Apologies for the delay, finally, we have found some free wi-fi in Seville!
The Sevillanas are going somewhere. They walk with swinging steps and an air of purpose. Hands in pockets, head down solitary wanderers, or couples stepping it out whilst managing to be deep in conversation. Even in small groups, gathered to chat, young men ease from foot to foot as though eager to be getting on to the real business of the evening, which is?
We meander down the narrow cobbled streets that pattern the old town. Woe betides the unfortunate foreigner who has not thought to take a map: destined to wander the lanes and alleyways forever in search of home. An endless parade of three storey buildings whose neat plaster walls are regularly studded with tall windows and tiny wrought-iron balconies on which miniature gardens hang precariously. Each house nuanced with slight differences that give it a stamp of individuality and provide the eye with novelty at every step. The new is built in sympathy with the old, to form a seamless vista with no ugly gaps to break the spell.
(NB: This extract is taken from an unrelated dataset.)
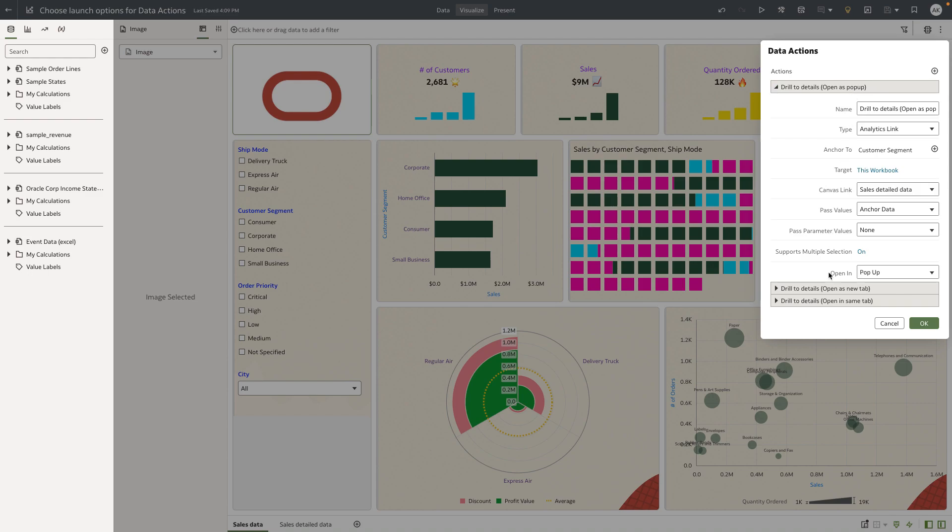A new configuration option called open end has been added to the product. This enables the author to define the launch option of a data action.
Then suddenly, an open door reveals the glimpse of an inner courtyard, bright in the sun with coloured tiles and perhaps a stone fountain surrounded by comfy chairs that just invite you in.
The shops cluster in the small irregularly shaped squares that open out in front of you, created to serve the church that almost invariably occupies one side. Sometimes baroque magnificence, sometimes plain, warm, sixteenth century sandstone, but always with a saint painted in a square of tiles on the wall.
Beware of standing back to admire the façade because the approaching car will hurtle through the square at all of fifteen Ks, before it disappears down one of the narrow streets, just wide enough to take it and maybe a pedestrian pressed back against the wall. A one-way system that only those inducted into the inner circle can fathom. And it appears that the inner circle is mostly young, male and replete with bravado and a cool pair of shades.
We are going somewhere, like all the Sevillanos. But where? Unexpectedly we stumble into the Alameda de Hercules, complete with Roman columns (don?t wildly imagine a whole Roman Forum, there are four columns supporting statues, two at each end.) It is full of people, lots of them, but most it seems are going somewhere.
Now it is Sunday morning, 9.30am and the church bell clangs out its call to mass. But the streets are silent, the blinds are down and the Sevillanos are still sleeping, they are going nowhere.
Life is so much different now and with one click we can share your view of Sevillan and the Alameda de Hercules. Stay up late in coffee shops and rest in the heat of the afternoon – live as the locals do 🙂
Indeed. I would have posted a photo, but had no real wi-fi – sorry.